The method taught have been developed to suit the level of the community and followed the Solomon Islands Locally Managed (SILMMA) guidelines.
Result of the survey showed that the overall health of the coral reef system within LMMAs was good, with a high percentage cover in branching and massive corals, although there are evidences of natural disturbances to the coral system due to recent storms and bad weather experienced.
Encouragingly, high value invertebrates such as trochus shell, giant clams and sea cucumbers were abundant within LMMAs, and within LMMAs there was also a high abundance of fish species that are important for food consumption and cash income.
These resources are vital for the sustainable livelihood of coastal communities in Solomon Islands, and these results indicate that the Dudurava and Masilot LMMAs are achieving their objectives of allowing valuable marine resource’s the ability to recover and sustain surrounding areas that are permanently open to fishing.

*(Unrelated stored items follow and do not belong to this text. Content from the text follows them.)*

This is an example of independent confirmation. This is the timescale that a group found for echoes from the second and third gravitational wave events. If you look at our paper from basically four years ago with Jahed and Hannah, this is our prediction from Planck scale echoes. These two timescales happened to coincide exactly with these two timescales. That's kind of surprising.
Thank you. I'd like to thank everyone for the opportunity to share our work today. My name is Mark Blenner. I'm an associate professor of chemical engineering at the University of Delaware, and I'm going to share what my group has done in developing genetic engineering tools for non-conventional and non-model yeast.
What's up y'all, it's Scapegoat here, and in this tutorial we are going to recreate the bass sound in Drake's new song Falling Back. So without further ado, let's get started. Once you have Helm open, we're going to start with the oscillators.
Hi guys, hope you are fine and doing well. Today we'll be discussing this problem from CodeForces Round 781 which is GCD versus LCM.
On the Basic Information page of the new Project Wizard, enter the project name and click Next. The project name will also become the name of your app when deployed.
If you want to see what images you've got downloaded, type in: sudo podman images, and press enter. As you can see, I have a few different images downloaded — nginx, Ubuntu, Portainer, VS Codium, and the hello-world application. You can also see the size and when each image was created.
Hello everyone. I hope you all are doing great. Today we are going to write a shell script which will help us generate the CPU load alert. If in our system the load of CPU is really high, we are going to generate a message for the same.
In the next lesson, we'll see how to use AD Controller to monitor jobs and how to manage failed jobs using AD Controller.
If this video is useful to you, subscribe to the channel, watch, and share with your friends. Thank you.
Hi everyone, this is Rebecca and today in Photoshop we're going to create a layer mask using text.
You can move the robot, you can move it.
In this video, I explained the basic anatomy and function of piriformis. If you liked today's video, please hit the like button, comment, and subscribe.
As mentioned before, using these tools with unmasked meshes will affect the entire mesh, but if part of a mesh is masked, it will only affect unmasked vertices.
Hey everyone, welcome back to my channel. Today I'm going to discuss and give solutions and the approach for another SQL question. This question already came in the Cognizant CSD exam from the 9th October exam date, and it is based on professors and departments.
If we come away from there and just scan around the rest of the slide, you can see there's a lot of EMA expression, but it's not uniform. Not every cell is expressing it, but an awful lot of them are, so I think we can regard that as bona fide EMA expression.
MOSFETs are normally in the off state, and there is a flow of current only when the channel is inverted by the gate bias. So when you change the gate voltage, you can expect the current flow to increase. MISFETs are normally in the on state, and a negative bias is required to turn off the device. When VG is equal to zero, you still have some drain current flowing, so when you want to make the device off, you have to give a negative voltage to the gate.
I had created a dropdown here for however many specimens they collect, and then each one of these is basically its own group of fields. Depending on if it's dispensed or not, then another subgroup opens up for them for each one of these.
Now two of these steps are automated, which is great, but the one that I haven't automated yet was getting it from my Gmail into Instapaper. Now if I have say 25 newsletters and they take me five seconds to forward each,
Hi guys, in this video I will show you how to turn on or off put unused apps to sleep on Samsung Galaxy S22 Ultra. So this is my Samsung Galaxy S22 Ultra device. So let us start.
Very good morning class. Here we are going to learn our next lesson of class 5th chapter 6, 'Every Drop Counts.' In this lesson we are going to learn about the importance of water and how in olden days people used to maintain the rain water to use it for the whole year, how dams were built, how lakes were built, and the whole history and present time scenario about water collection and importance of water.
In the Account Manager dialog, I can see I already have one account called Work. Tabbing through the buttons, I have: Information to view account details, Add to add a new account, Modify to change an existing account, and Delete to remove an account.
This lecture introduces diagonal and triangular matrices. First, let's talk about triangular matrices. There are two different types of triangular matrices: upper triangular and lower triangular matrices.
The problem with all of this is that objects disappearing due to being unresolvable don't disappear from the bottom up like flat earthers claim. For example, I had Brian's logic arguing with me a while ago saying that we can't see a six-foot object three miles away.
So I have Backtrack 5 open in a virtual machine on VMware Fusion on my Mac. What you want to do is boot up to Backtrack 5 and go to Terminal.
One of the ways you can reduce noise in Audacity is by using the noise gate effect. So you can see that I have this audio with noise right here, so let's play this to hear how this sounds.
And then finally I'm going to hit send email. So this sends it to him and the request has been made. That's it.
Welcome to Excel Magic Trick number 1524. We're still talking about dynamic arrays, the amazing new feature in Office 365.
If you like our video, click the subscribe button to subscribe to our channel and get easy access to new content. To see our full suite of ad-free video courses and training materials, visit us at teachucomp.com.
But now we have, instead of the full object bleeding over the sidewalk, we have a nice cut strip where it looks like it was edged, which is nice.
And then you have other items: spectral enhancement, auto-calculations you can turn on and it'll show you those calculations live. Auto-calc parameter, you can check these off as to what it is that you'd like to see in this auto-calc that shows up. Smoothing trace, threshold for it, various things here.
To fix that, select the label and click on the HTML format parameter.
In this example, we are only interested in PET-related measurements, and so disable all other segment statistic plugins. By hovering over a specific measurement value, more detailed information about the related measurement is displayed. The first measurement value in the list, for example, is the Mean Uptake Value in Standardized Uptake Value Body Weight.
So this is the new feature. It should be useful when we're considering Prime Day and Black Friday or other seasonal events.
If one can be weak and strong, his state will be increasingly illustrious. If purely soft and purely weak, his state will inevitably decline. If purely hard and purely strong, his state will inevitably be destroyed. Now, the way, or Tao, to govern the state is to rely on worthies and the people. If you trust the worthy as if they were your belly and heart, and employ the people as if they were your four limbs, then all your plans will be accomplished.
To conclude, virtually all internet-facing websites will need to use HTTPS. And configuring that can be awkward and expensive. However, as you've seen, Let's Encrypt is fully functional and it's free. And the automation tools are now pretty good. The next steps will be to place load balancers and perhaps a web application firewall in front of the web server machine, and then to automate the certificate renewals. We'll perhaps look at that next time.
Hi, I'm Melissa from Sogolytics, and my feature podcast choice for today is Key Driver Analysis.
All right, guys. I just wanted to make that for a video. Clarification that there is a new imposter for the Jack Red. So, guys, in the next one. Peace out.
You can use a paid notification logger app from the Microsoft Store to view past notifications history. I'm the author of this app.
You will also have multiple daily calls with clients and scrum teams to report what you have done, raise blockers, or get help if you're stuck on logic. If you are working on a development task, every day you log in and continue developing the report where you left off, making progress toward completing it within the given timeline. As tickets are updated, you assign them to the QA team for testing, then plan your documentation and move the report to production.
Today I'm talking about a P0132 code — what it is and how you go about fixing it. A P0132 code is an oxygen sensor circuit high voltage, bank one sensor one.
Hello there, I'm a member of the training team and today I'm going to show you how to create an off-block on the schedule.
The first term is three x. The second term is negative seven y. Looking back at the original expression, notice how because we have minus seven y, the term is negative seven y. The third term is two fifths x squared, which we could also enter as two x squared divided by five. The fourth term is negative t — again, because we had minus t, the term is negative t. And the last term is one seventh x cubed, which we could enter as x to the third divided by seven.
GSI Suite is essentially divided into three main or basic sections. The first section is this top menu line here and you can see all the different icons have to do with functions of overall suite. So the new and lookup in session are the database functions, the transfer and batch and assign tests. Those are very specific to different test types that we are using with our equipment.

Outside of the LMMA in the control site has low abundance of trochus and fish compared with the LMMA site. However the overall coral cover was in healthy as well.
This shows that it is important to manege our marine resources to conservaing the spawning stock of our marine resources.
It was reported that Pacific Island countries including Solomon Islands consumed most of the fish that are caught by small scale subsistence fishers around the coral reefs (Johann Bell –Solomon star 17th August), this sends a very important message for us to manage and maintain the health of the coral reef ecosystem.
Obtaining baseline information on the health of any reef system is important so that the communities can resurvey their reefs and compare the data in the future, and assess if their management efforts are working or not..
The training was organised in the two villages for two days each from Monday the 10th to Friday the 14th of August 2015.
A total of twenty marine monitors were trained on the method. The training is part of the capacity building activities of Choiseul Province communities under the Ridges to Reefs approach of Lauru Protected Area Network (LPAN).
The network was an initiative by The Lauru Land Conference of Tribal Community (LLCTC) in Partnership with The Nature Conservancy (TNC) and Choiseul Provincial Government. The goal is to have a network of managed marine and terrestrial areas around the Province for food security and sustainable livelihood. Having such network will help the communities and the environment become resilient and increase their adaptive capacity to the impact of climate change.
This activity is also part of the Choiseul Integrated Climate Program (CHICCHAP) undertakings. That is securing the future of Lauru now with the objective: “To increase the resilience of Lauru people and communities against the impacts of climate change and threats of natural disasters, to enhance their food security and to strengthen the resilience of natural ecosystems in Choiseul.”
This is based on the peoples livelihood and the resources with their habitats and how they will and be able to adapt to the impact of climate change and be resilient to the changing climate.
The weeklong series of training was facilitated by Simon Vuto of TNC, Jimmy Kereseka of TNC/LLCTC and Fred Tabepuda of LLCTC/SPREP.
Thanks to the financial support by The Nature Conservancy that enabled us to conduct this training. Also thanks to the tribal community chief and leaders of the two communities of Dudurava and Taboka of Susuka in East Choiseul Constituency.